GCC countries are realigning domestic energy systems to reduce oil and gas use domestically and free up volumes for export and low-carbon fuel production. Growth in renewables, electrification of transport and buildings, and efficiency gains are driving this shift. Investment in downstream industries, petrochemicals, and low-carbon fuels is also changing export profiles, moving beyond crude oil toward higher-value and lower-carbon energy products.

With access to low-cost natural gas, strong solar resources, and established industrial and export infrastructure, the region is well placed to scale both low-carbon hydrogen (produced from natural gas with carbon capture) and renewable hydrogen produced through electrolysis. By 2060, the Middle-East and North Africa region is projected to produce around 19 million tonnes of hydrogen and 13 million tonnes of ammonia per year, exporting about 50%, mainly toward Europe and advanced Asian economies.

“Hydrogen, ammonia, and carbon capture are becoming core elements of the GCC’s energy export model,” said Jan Zschommler, market area manager for the Middle East, Energy Systems at DNV. “As emissions requirements tighten, access to international markets will increasingly depend on carbon intensity. Integrating hydrogen production with renewable power, carbon capture, and existing industrial clusters allows the region to remain competitive while meeting these requirements.”

Carbon capture, utilization and storage (CCUS) is also set to grow.
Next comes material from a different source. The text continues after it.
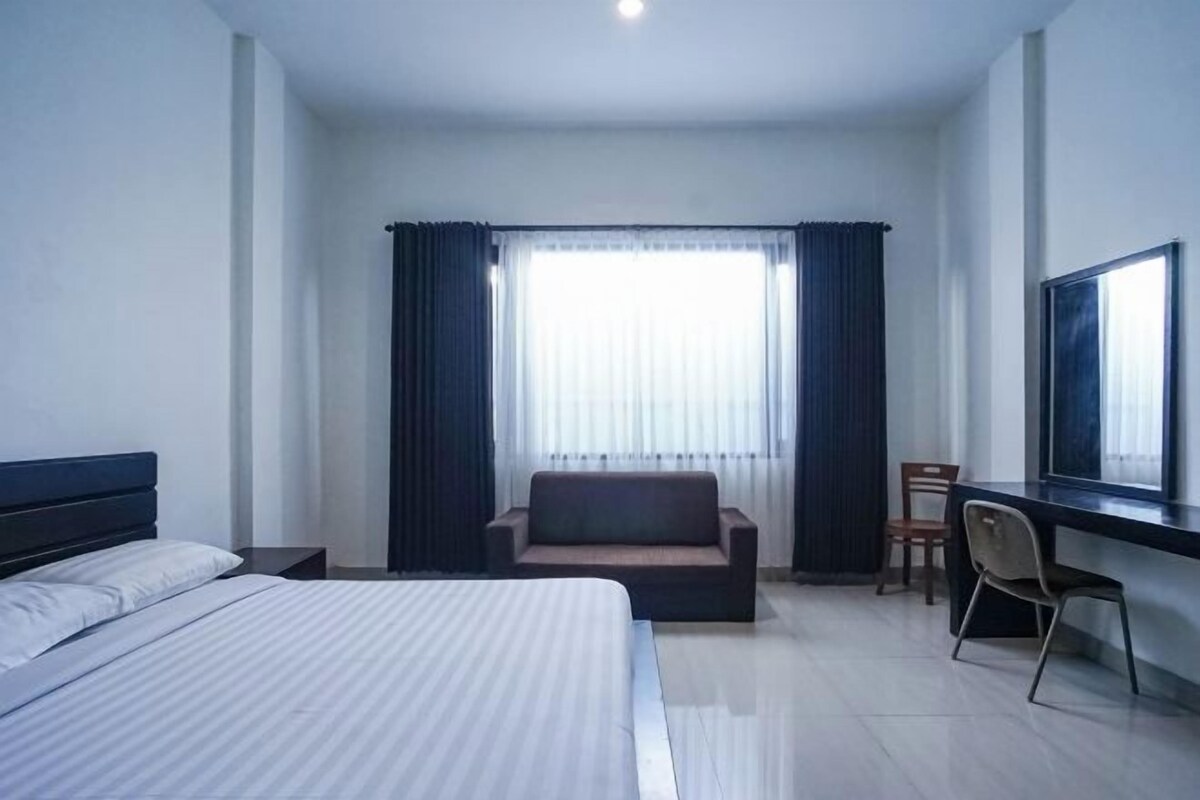 Een hotelkamer met een bed, een bank, een bureau en een stoel.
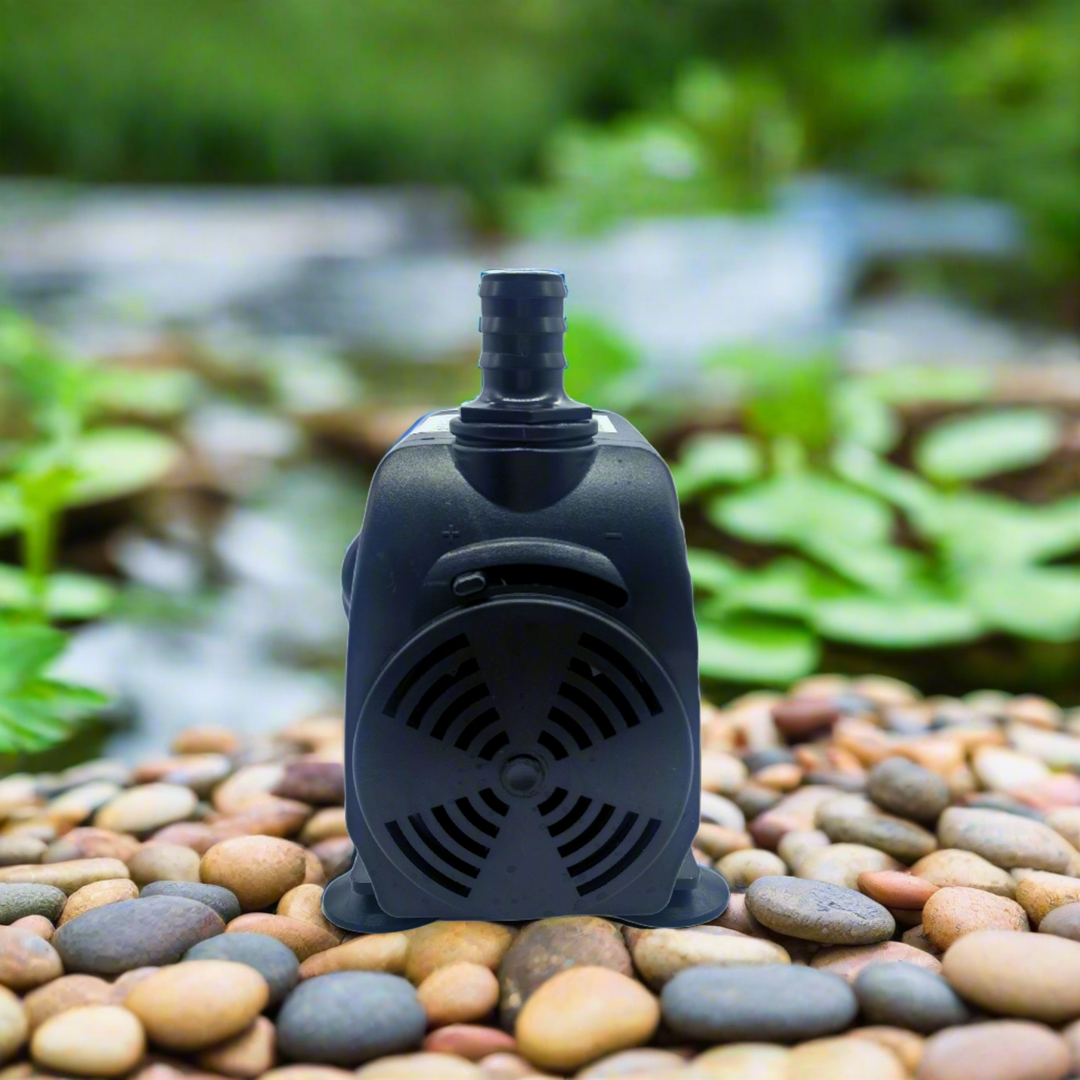 pump on rocks next to pond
In January 2026, the UAE's Supreme Council for Financial and Economic Affairs has introduced Carbon Capture Policy as a further commitment to meeting their carbon reduction targets. Captured CO₂ volumes (including CO₂ removal) are expected to reach around 250 million tonnes per year by 2060, equivalent to roughly 8% of regional energy-related and industrial emissions.

Bioenergy with carbon capture (BECCS) and direct air capture (DAC) combined are expected to remove around 81 million tonnes of CO₂ per year by 2060, helping to offset emissions from sectors that are more difficult to decarbonise.